The story explores Julie’s desire for a relationship and family against the backdrop of Freddy’s raising an adopted son with his husband, Bob. Woven throughout the story is the conclusion of April and Bill’s romance as they prepare for their upcoming wedding at Jingle Valley, while sorting through the challenges that present themselves in the shape of grown children, critical parents, and a past from which neither can escape.

The plot manages to cover a wide range of storylines, updating readers on the characters they met throughout the series without tying things up too neatly. There are still many questions left unanswered, to where the book feels like another moment in the characters’ lives and a future book could pick up the story yet again, continuing the progression of believable stories in this series.

The characters are nicely continued from the earlier books, and Freddy particularly shines, though the author manages to keep him from stealing the spotlight. He provides humor and flair in the midst of the other characters’ worries, but this story provides him with his own problems, giving him room to grow alongside the others.

All four main characters get a turn to share their concerns and show how the years have passed, with the exception of Thomas, Julie’s brother, who was a main character in A Jingle Valley Wedding but is hardly mentioned in this one. If this is truly the end of the series, it might’ve been nice to offer a little more information on how his life is doing, but the book is covering a variety of stories already and the author might understandably have felt there wasn’t space to include anything more.

The author has expanded the descriptions as the series has gone on, and All’s Well in Jingle Valley continues this progression, offering readers a chance to experience a slice of what the various weddings involve, though the details continue to reflect the characters’ moods, being plentiful when they’re more aware of their surroundings and streamlined when their focuses are elsewhere.

There are moments when the plot feels a touch convenient, like when Julie begins exploring adoption and seems to find it so straightforward, at least where school-aged adoption is concerned, but in other places, the story is beautifully foreshadowed.

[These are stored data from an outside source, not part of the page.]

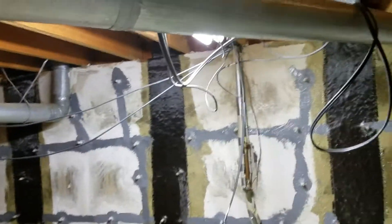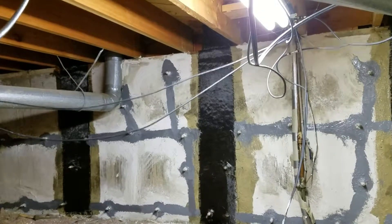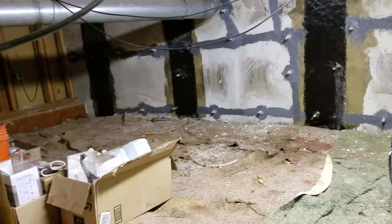We connect the fiber straps to the seal plate and rim joists, if accessible — which in this case it was. And we run it all the way down to the bottommost visible part of the wall.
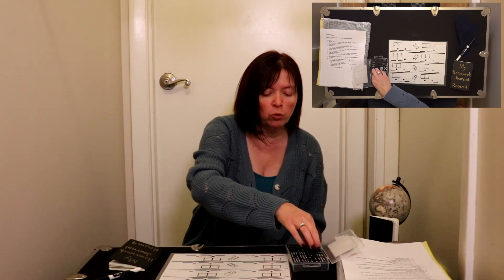So today we are going to play dominoes. Every day — Monday, Tuesday, Wednesday, and Thursday — you're going to do the exact same thing. You're going to open up your dominoes kit and you're going to choose a domino.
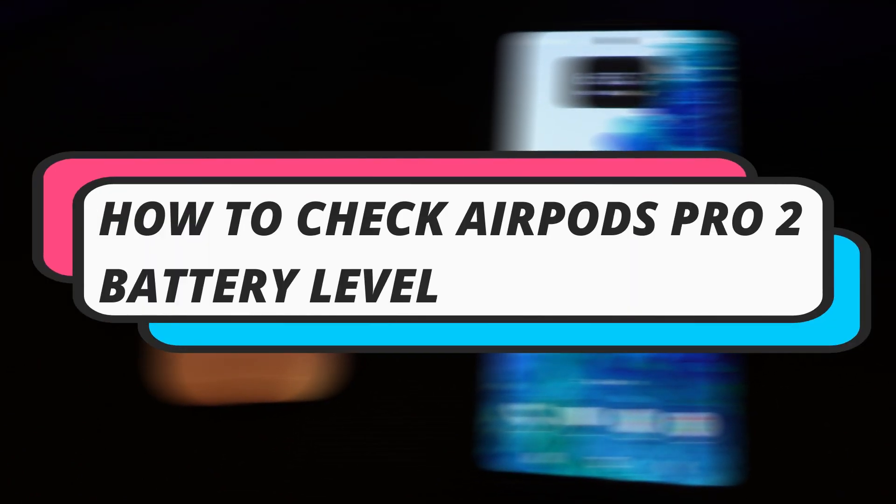In this video I will show you how to check your AirPods Pro 2 battery level. So let's jump straight into it.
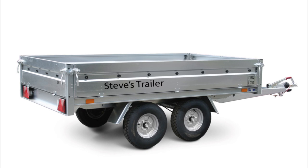Hi, and you're watching Steve's Trailer. This 750kg trailer comes with a fully reinforced galvanized frame and panel.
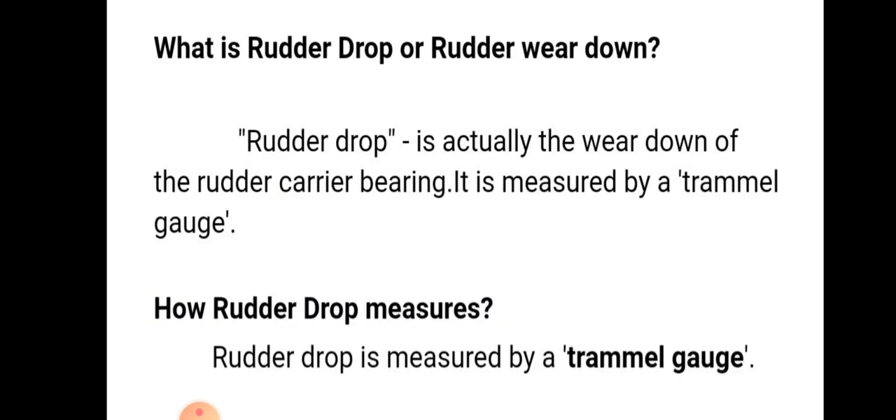Rudder drop, or rudder wear down, is the wear down of the rudder carrier bearing. The wear down of the rudder carrier bearing is known as rudder drop. It is measured using a trimal gauge.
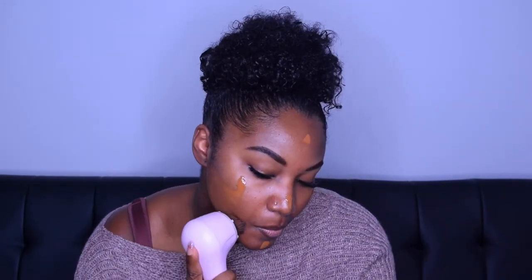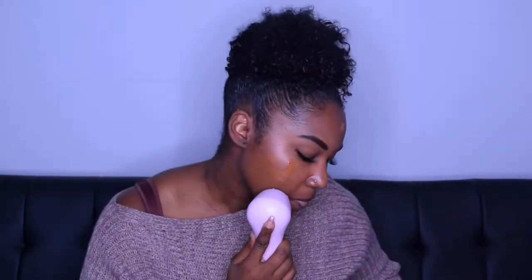Now I grab my Clarisonic and put it to work by moving it in circular motions, beginning with my jaw and just moving up to my cheeks. I'm not applying too much pressure because the Clarisonic really does all the work.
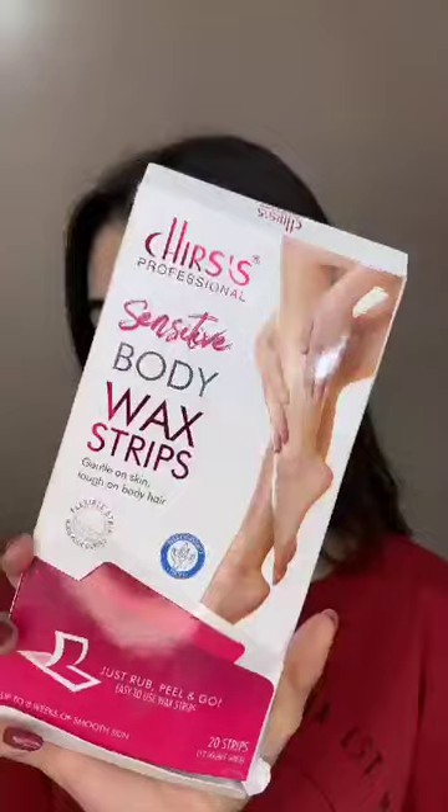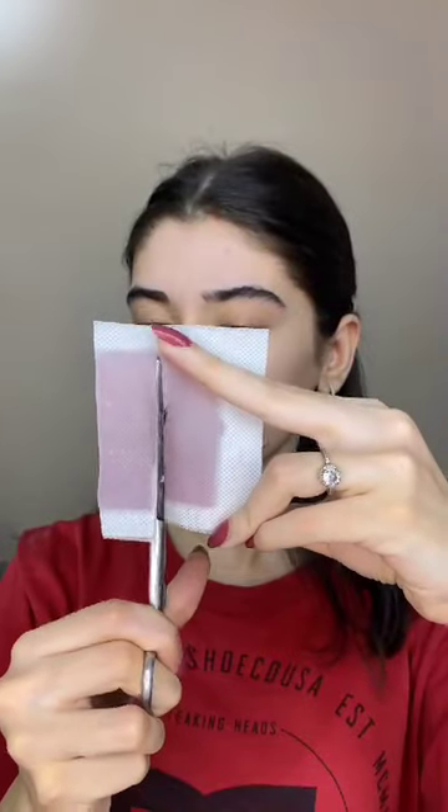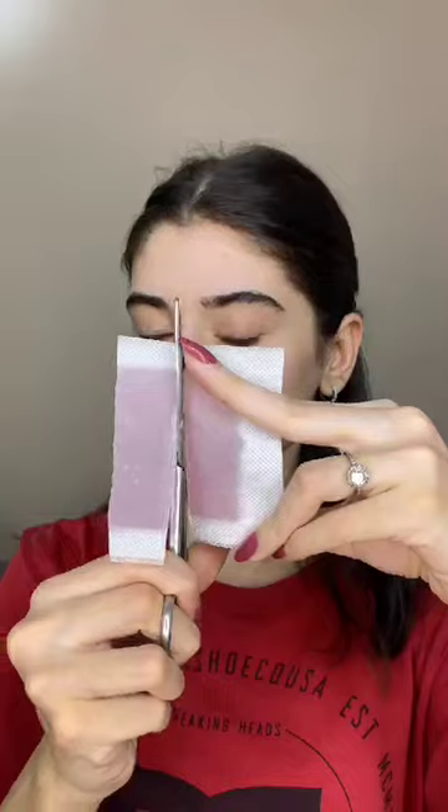Facial hair doesn't look good on your face, so I'm going to show you the easy way to remove your facial hairs at home. This is the wax I'm using and I'm going to cut it into pieces.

There are moments of great emotion and moving drama, with everything kept in balance.

The characters feel real and their struggles come off as genuine, realistic, and contemporary.  This is a great series for someone looking to find book friends, those kinds of characters one can connect with over and over throughout their lives. All’s Well in Jingle Valley in particular manages to show a depth and vibrancy throughout the pages, to where readers will end the book wishing the story kept going.